Giving Compass' Take:

· The authors discuss how advances made in artificial intelligence and automation will have ongoing consequences for America's working class, limiting employment opportunities and increasing job insecurity.

· How is artificial intelligence predicted to affect the middle class? What fields will it take over? 

· Here's more on preparing the American middle class for the rise of automation.

The long-run labor market consequences of advances in artificial intelligence (AI) and other forms of automation technology remain uncertain. This uncertainty stems from a recognition that while many jobs will undoubtedly be affected, it is difficult to predict which jobs are at risk and in which sectors new jobs will be created.  This is not an idle concern: One in six Americans think that robots and computers will take over many jobs now done by humans; only 25% believe that automation will bring new, better paying jobs. And the estimates of jobs at risk are quite variable.

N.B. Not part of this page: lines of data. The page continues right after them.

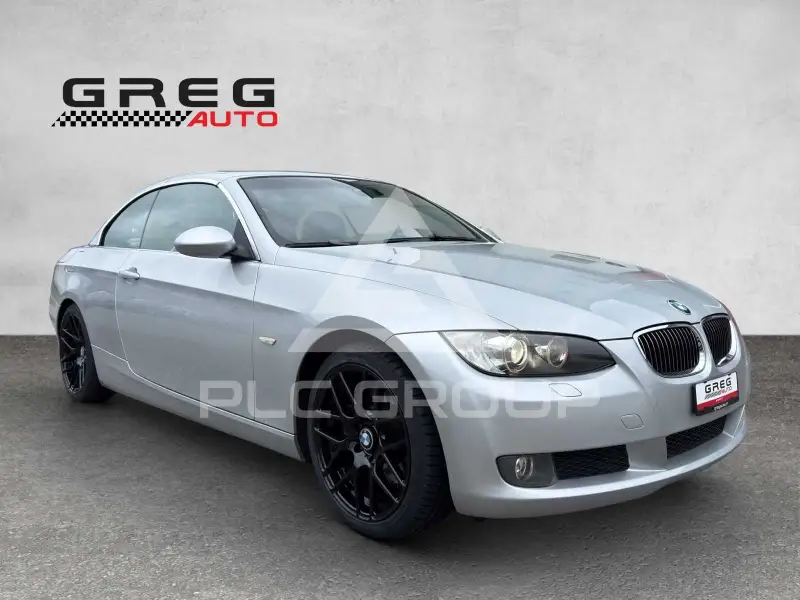2007 BMW 330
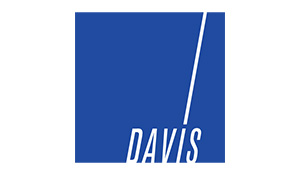 Davis logo Davis logo.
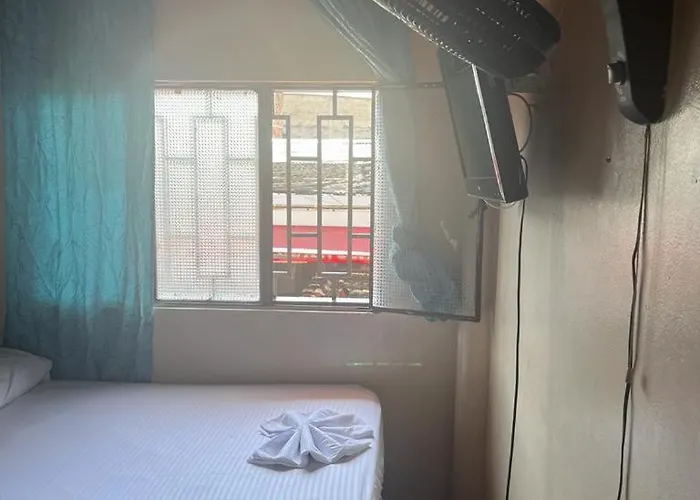 Nuevo hospedaje benny Melgar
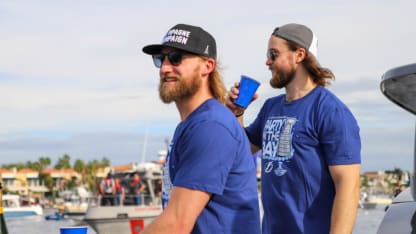 Stamkos parade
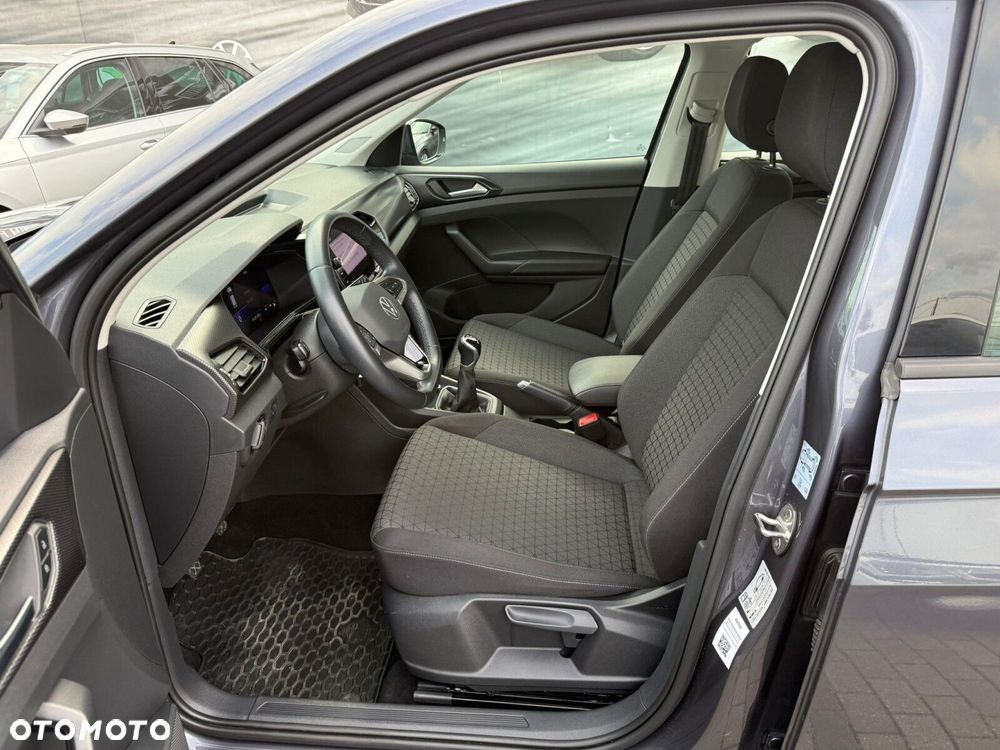 Volkswagen T-Cross 1.0 TSI Life - 10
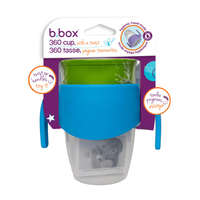 B.box B.box 360° itatópohár 250 ml (óceánkék)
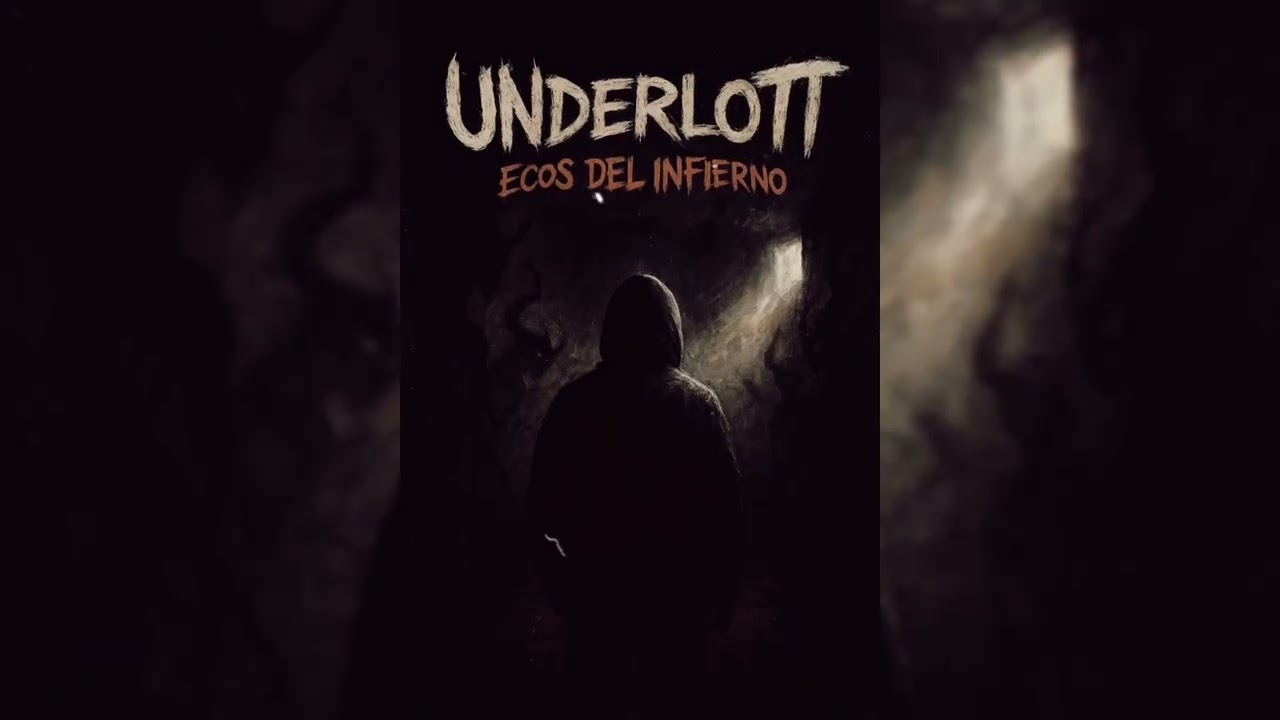 UNDERLOTT - ECOS DEL INFIERNO (BEAT x @carapalida2407 ) VISUALIZER 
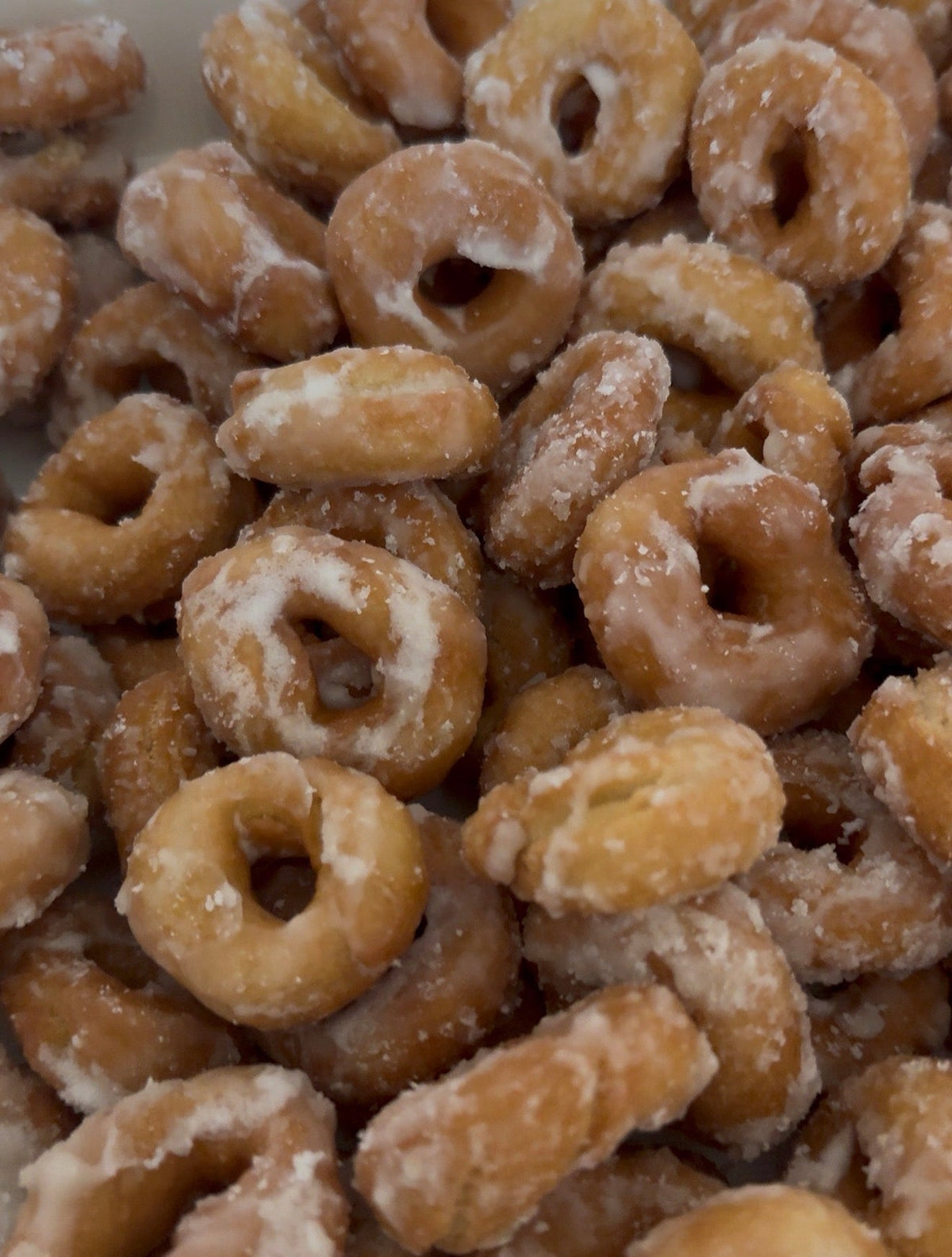 Rosquitas cubanas Will & Mill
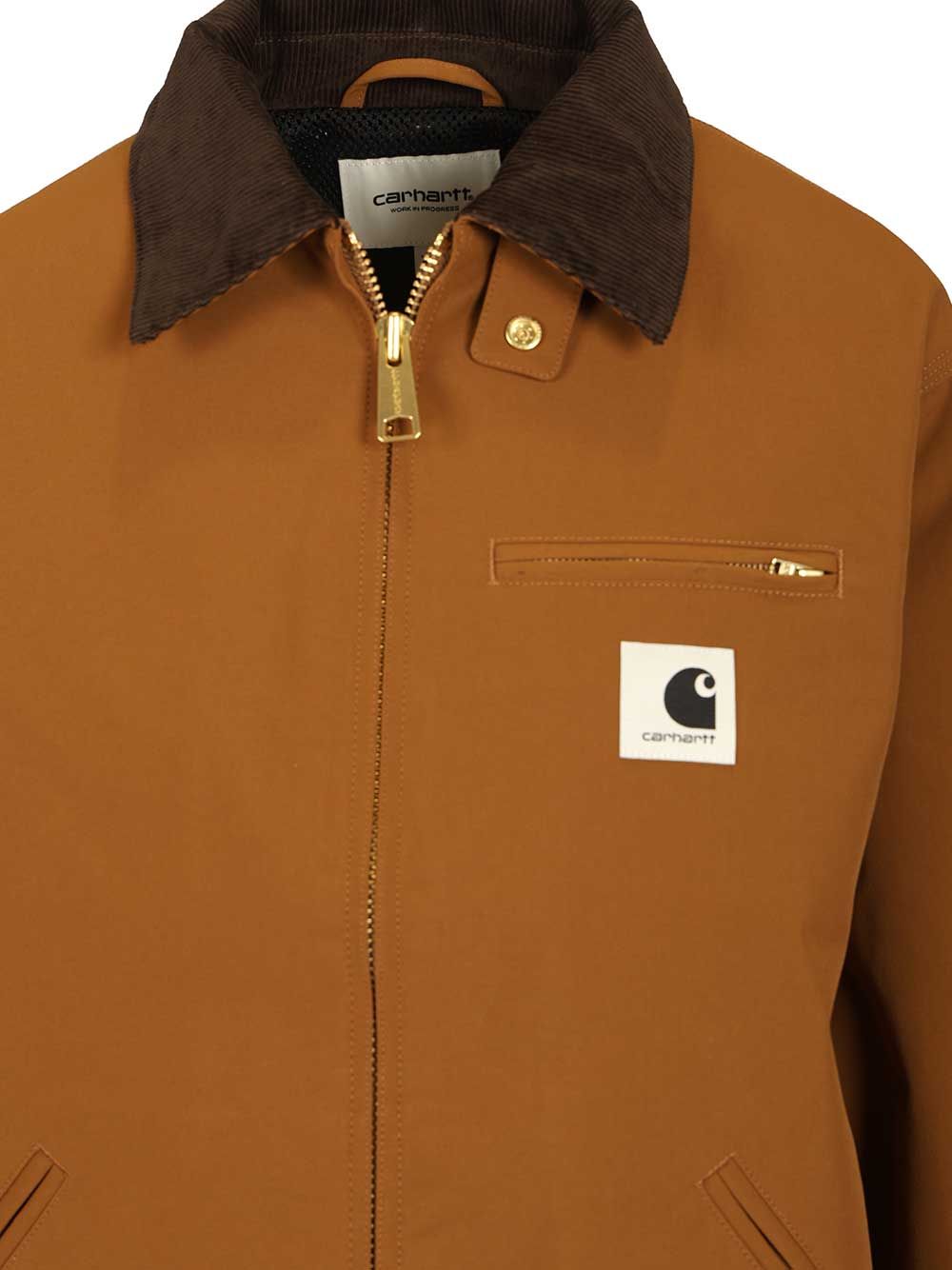 Carhartt Wip W Giacche - Marrone | ffda8d380769b87d389c55fb28c3e61749737c57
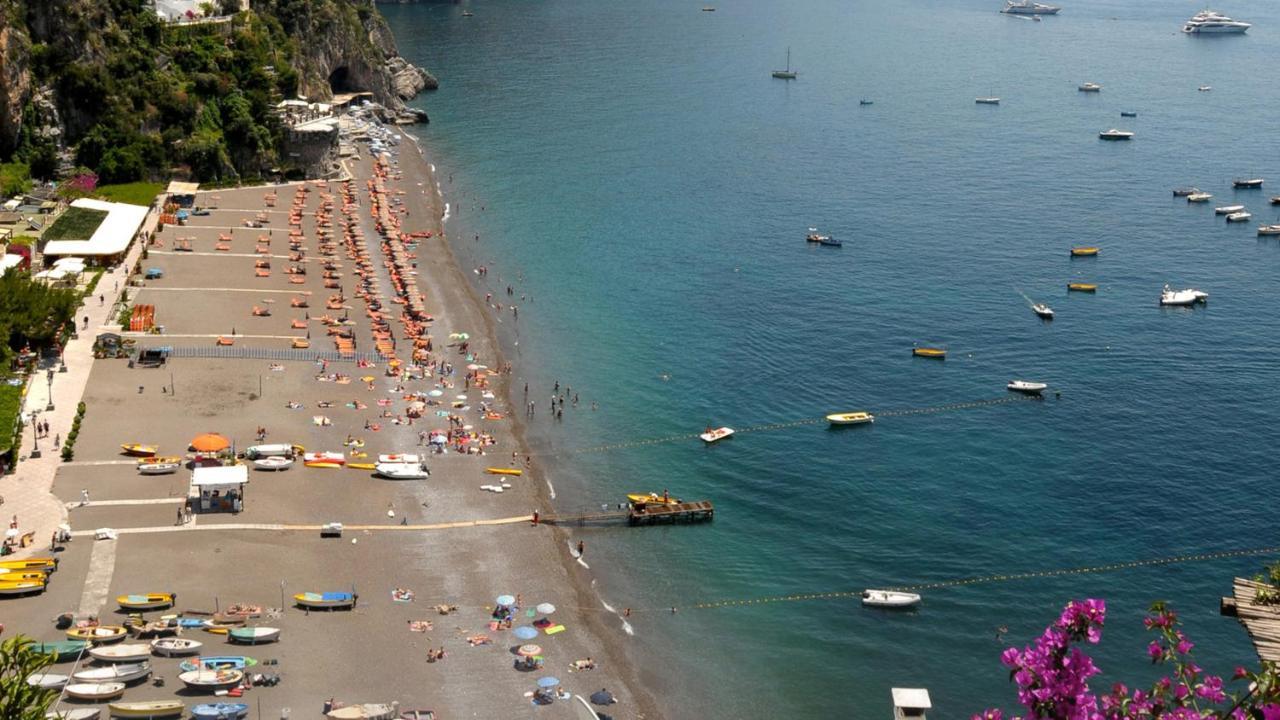 Casa Maria 6&2, Emma Villas Positano Exteriér fotografie
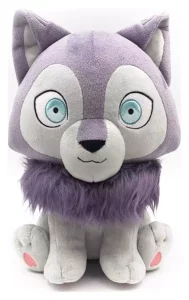 Peluche Wolfwalkers Lupo Robyn 22 cm - Morbido e Coccoloso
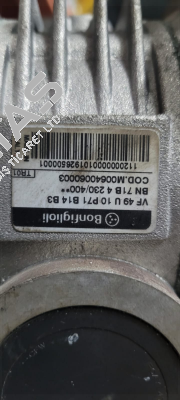 VF 49 U 10 P71 B14 B3 Bonfiglioli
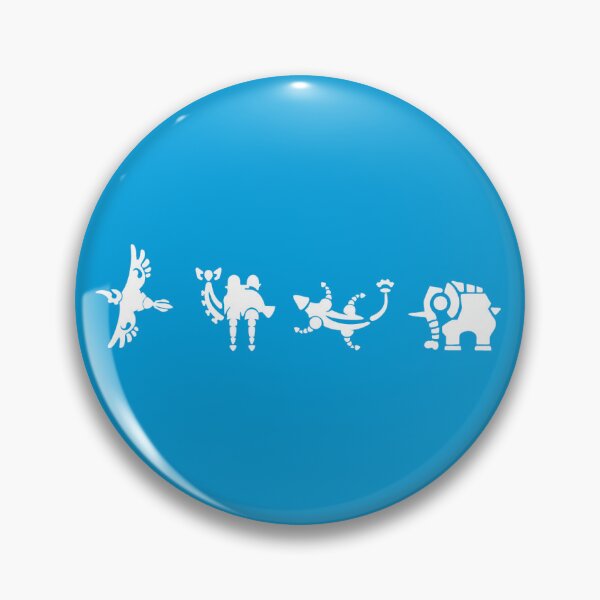 Item preview, Divine Beasts designed and sold by Em's Imaginarium.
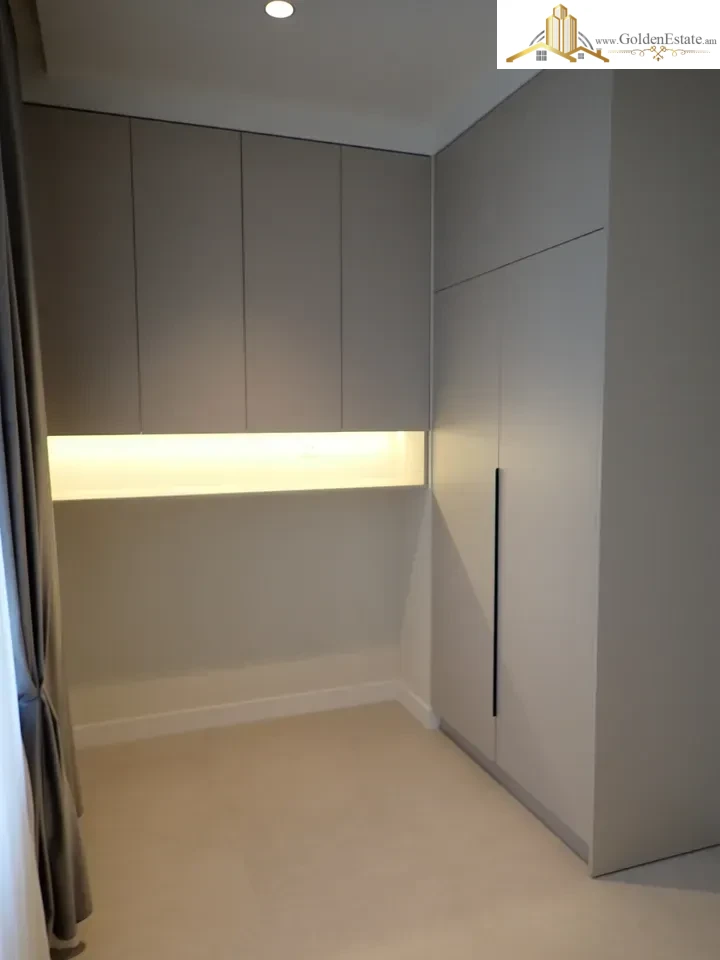 3 սենյականոց բնակարան նորակառույց շենքում Արշակունյաց պողոտայում կենտրոնում, 60 քմ, 6/18 հարկ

For example, a 2017 McKinsey Global Institute study suggests that roughly 50% of work activities are automatable using current technologies.  Another study by Frey and Osborne (2013) argues that 47% of U.S. employment is at high risk of automation. By contrast, a study by Arntz et al. (2017) suggests that only 9% of individuals have jobs that are at high risk. Of course, as we have noted previously, even if the share of jobs at risk is quite high, other barriers such as adoption or transition costs for firms potentially limit the speed and severity of displacement. Regardless, employers and policymakers need credible information to make good decisions, especially when seeking to mitigate harm when worker displacements occur. To understand better where the difficulties arise in predicting the future of work, it is important to revisit both the promise and peril of automation technologies and AI.